Perhaps, the most unfortunate victims of our current “border crisis” are the children held in detention centers along the border and elsewhere such as the private detention-facility in Homestead, Florida. The psychological effects of young children being separated from parents are devastating and have been well-described by mental health practitioners. Prolonged childhood trauma, for example, may adversely affect such children’s mental health well into adulthood and affect how children as adults may negatively view authority figures.

As a final note, an interim report conducted by academic border-experts and law professors, was recently released in April, 2019 from the “Department of Homeland Security (DHS) Advisory Council Panel on Families and Children Care Emergency”. It proposed that “an enforcement-based approach to the current situation at the border that focuses on detention, limitations on access to asylum, restrictions on due process and a presumption that arriving Central American families present a threat. Such an enforcement focus is unwarranted and is doomed to be ineffective.” [p. 2]
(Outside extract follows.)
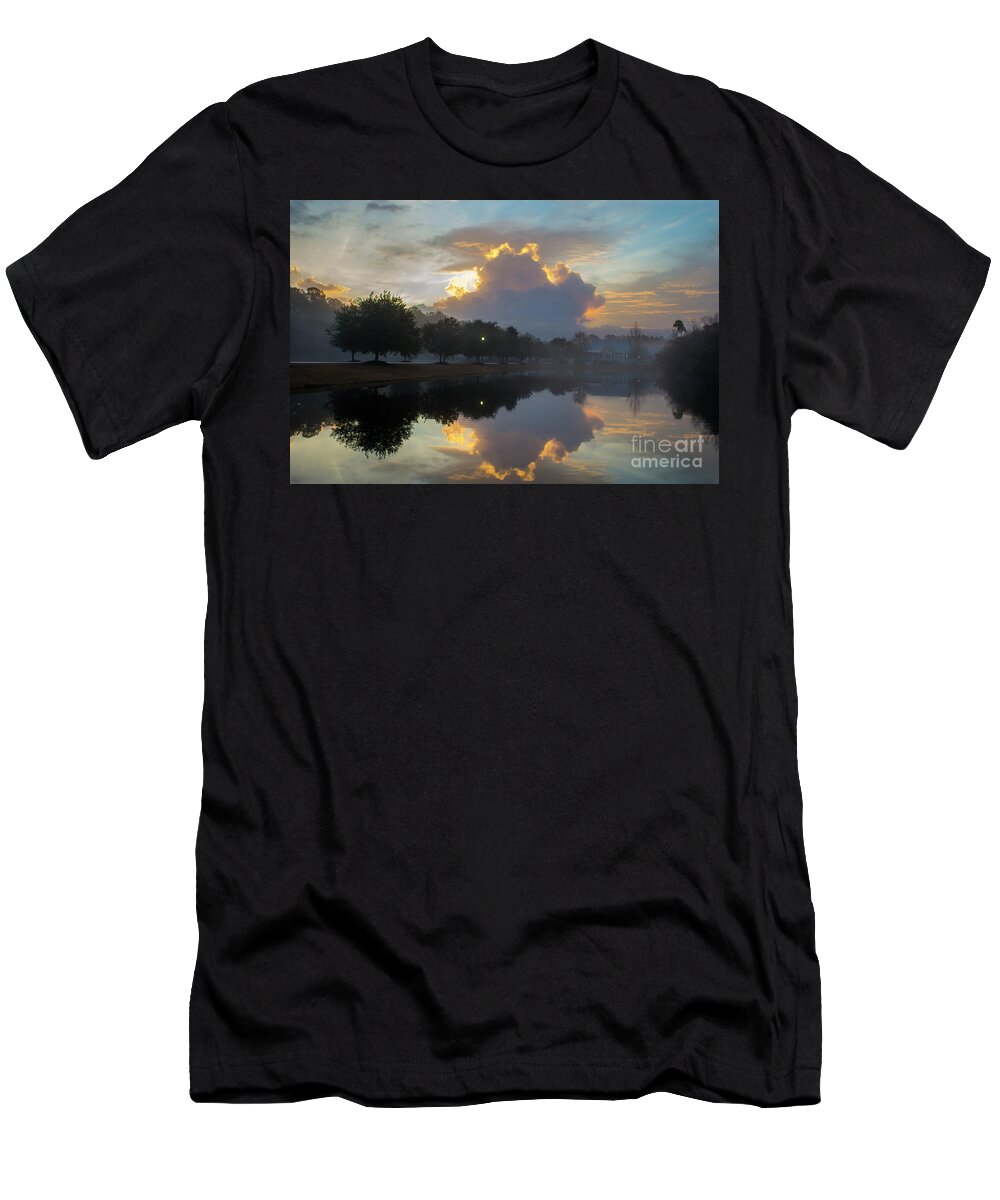 Fog T-Shirt featuring the photograph Pond Reflections in the Fog by Dale Powell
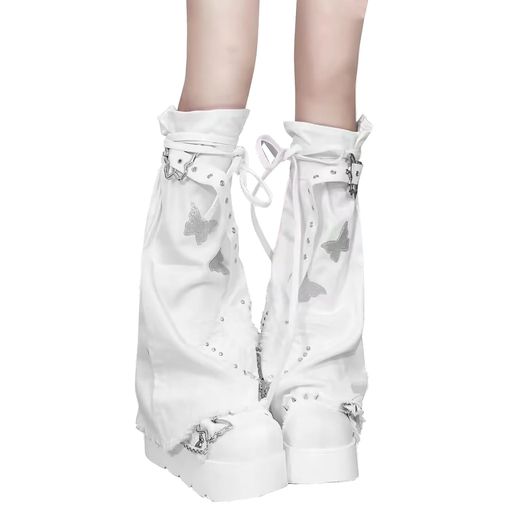 [YEMOCILE]レッグウォーマーレディースルーズソックス蝶柄チェーン付きデニムレッグカバーy2kゴシックリボン原宿パンク地雷系可愛いベルト付きサブカル系ゴスロリギャル冷え取りJk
As a nation, the United States must not succumb to racism, nor to dog whistles eliciting racist imagery. Nor should we listen to racist bombast about new immigrants. As the great South African leader of the anti-Apartheid movement, Nelson Mandela, once wrote in his autobiography, Long Walk to Freedom( 1994): “No one is born hating another person because of the colour of his skin, or his background, or his religion. People must learn to hate, and if they can learn to hate, they can be taught to love, for love comes more naturally to the human heart than its opposite.